原来“兀良哈”三卫虽是纳哈楚心腹,但这两日在主帅指挥下,仗打得太过窝囊,六万精锐距离庆州只有数十里,竟是对庆州丢失一无所知,强攻蓝玉不下,反被明军远来援军,追得掉头就跑,憋气之下,三卫首脑便忍不住背后发了牢骚,议论了主帅纳哈楚几句,不留神间,便给海兰达听到。
接连两日,傅友德听得斥候所报,附近不见元军踪迹,稍觉放心,下令蓝玉,王弼,常家兄弟,率领两万余步卒在城中打扫战场,清理两军在城中留下的无数尸骸。
庆州之战,纳哈楚手下平章果来父子,连同城中三万步卒全军覆没,大部分乃是慌乱中给大火烧死,践踏而死。蓝玉大军虽是夜袭得手,打了一个元军措手不及,但在城墙上寸寸血战,又遭纳哈楚大军风暴般的箭雨杀伤,伤亡也是五千以上。
朱权和徐瑛走在血迹斑驳的城墙之上,也是心中沉重,前两**退纳哈楚大军的喜悦,已是荡然无存。

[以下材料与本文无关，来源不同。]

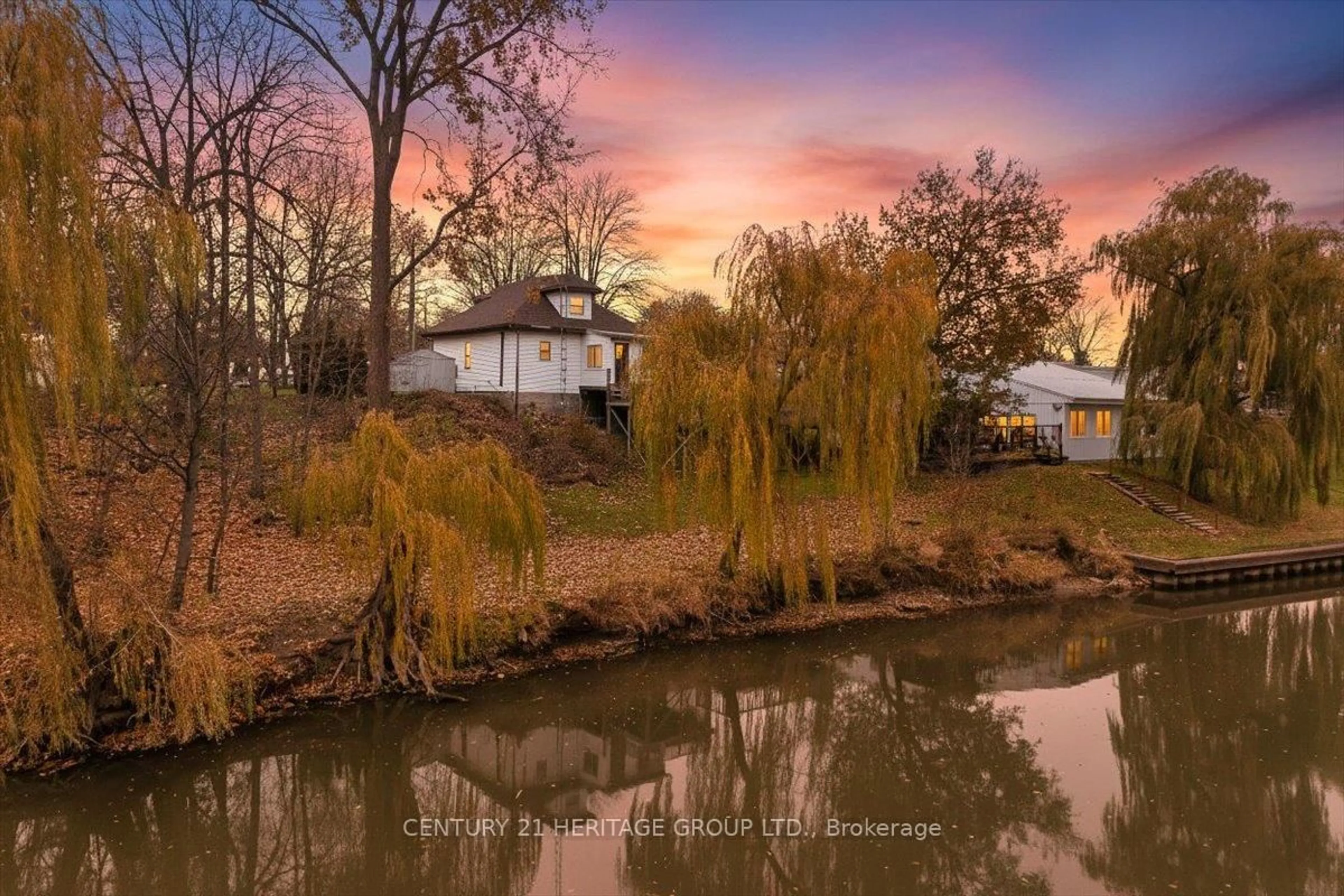 A pic from outside/outdoor area/front of a property/back of a property/a pic from drone, water/lake/river/ocean view for 199 Camden St, Chatham-Kent Ontario N0P 1M0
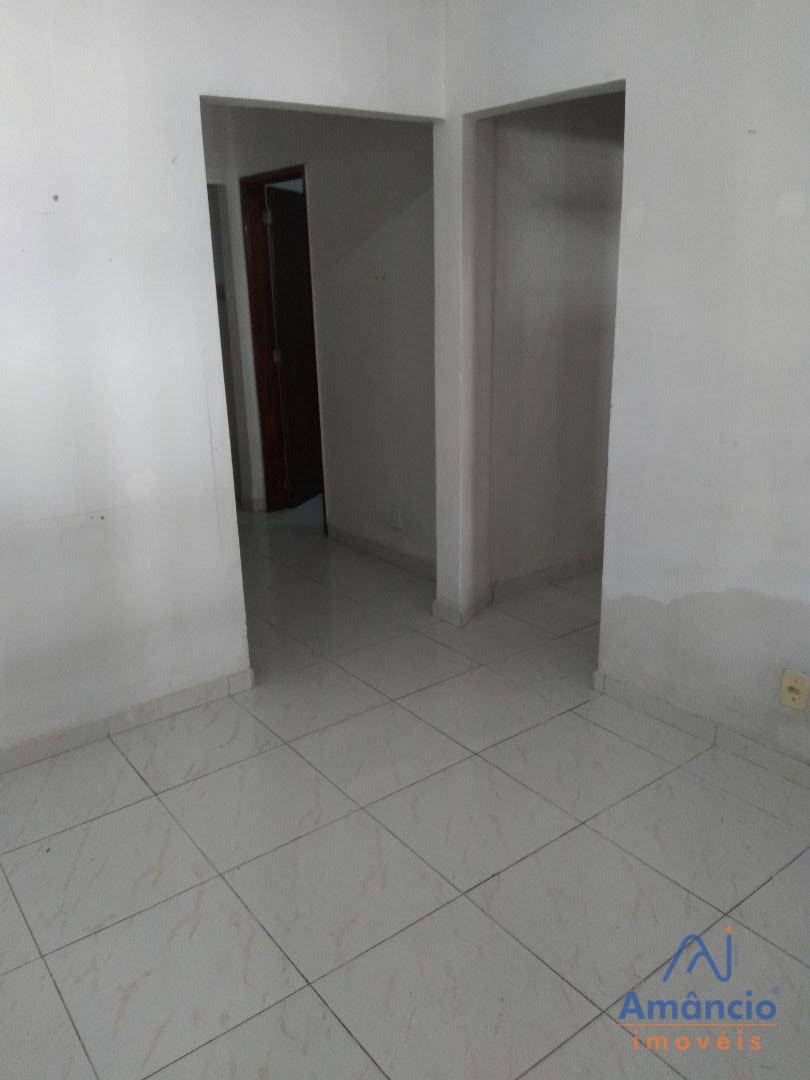 Casa para alugar com 2 quartos, 64m² - Foto 3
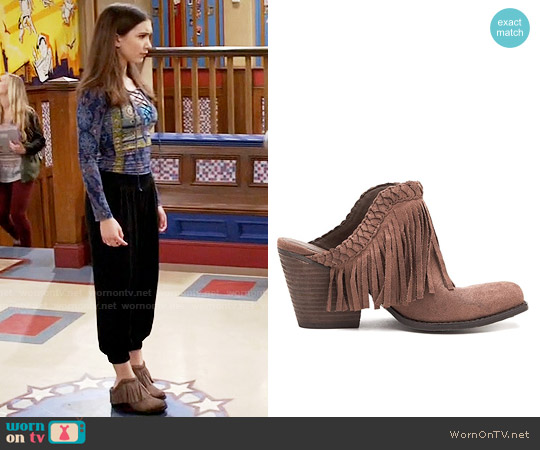 Matisse Tate Clogs in Saddle worn by Riley Matthews (Rowan Blanchard) on Girl Meets World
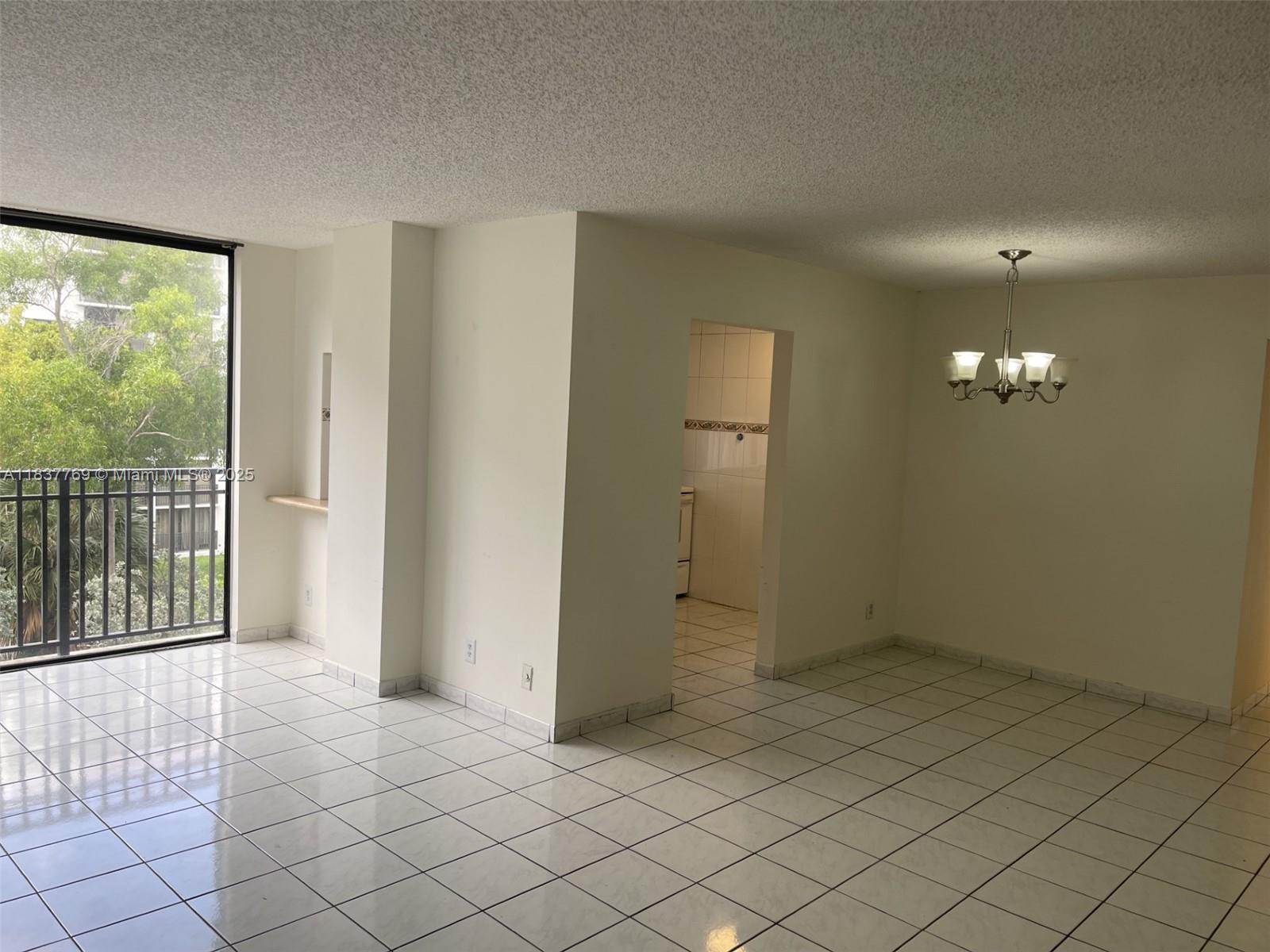 17011 N Bay Rd #406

徐瑛眼望城外堆积如山的尸骸,城中给一把大火烧得断垣残壁,几成平地的地方,蹩起秀眉,叹了口气,轻声说道:“古人云兵祸滔天,这数日身临战场,方知此言不虚,若是城中还居住了数万百姓,一把大火烧将起来,更不知要死伤多少。”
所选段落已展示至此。